* **Task data**:
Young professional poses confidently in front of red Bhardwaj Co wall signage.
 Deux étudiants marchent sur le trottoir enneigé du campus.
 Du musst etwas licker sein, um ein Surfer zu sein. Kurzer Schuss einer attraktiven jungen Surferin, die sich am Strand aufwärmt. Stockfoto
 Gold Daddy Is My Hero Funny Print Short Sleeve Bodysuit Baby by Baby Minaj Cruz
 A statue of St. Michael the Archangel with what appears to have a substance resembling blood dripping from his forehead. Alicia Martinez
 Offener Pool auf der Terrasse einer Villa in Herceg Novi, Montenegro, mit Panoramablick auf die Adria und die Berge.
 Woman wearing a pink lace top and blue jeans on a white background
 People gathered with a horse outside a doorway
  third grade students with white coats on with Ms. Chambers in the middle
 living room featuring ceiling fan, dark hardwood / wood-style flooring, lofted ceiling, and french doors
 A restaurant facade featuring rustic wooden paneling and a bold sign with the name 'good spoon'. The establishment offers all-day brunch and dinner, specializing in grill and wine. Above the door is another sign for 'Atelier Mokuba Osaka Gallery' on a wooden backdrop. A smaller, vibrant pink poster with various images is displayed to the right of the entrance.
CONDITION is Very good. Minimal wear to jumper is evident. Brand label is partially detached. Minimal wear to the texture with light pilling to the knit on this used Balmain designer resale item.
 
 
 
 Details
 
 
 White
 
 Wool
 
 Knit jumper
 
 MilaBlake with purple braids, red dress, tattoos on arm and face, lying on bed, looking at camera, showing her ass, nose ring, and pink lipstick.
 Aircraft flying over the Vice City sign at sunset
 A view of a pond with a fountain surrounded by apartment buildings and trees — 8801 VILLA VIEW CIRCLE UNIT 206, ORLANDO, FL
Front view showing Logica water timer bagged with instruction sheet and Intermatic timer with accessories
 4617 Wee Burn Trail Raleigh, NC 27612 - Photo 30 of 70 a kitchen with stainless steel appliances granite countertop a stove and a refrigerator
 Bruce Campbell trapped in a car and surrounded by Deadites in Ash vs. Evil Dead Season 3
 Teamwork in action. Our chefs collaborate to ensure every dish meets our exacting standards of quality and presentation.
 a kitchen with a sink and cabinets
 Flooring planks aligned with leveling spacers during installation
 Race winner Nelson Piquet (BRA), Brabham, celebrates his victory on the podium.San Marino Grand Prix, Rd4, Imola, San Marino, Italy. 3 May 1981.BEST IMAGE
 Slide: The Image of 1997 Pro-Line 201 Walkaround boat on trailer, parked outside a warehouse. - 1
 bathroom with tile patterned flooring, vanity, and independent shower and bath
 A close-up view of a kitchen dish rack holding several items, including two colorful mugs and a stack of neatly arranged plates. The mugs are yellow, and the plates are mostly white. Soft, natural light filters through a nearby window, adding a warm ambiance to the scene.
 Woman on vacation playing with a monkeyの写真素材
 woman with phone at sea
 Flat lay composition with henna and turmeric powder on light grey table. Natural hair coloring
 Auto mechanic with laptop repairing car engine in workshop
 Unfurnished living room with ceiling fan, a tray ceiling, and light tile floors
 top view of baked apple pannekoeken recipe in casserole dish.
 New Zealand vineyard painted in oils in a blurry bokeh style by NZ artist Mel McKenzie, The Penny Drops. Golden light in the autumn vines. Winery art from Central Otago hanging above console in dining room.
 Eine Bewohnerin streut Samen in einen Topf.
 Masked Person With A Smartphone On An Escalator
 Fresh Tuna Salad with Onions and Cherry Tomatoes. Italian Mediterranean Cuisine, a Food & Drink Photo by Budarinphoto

* **What the exercise asks**:
What is needed is every line of the records above that contains the word "einer".

* **Response below**:
 Du musst etwas licker sein, um ein Surfer zu sein. Kurzer Schuss einer attraktiven jungen Surferin, die sich am Strand aufwärmt. Stockfoto
 Offener Pool auf der Terrasse einer Villa in Herceg Novi, Montenegro, mit Panoramablick auf die Adria und die Berge.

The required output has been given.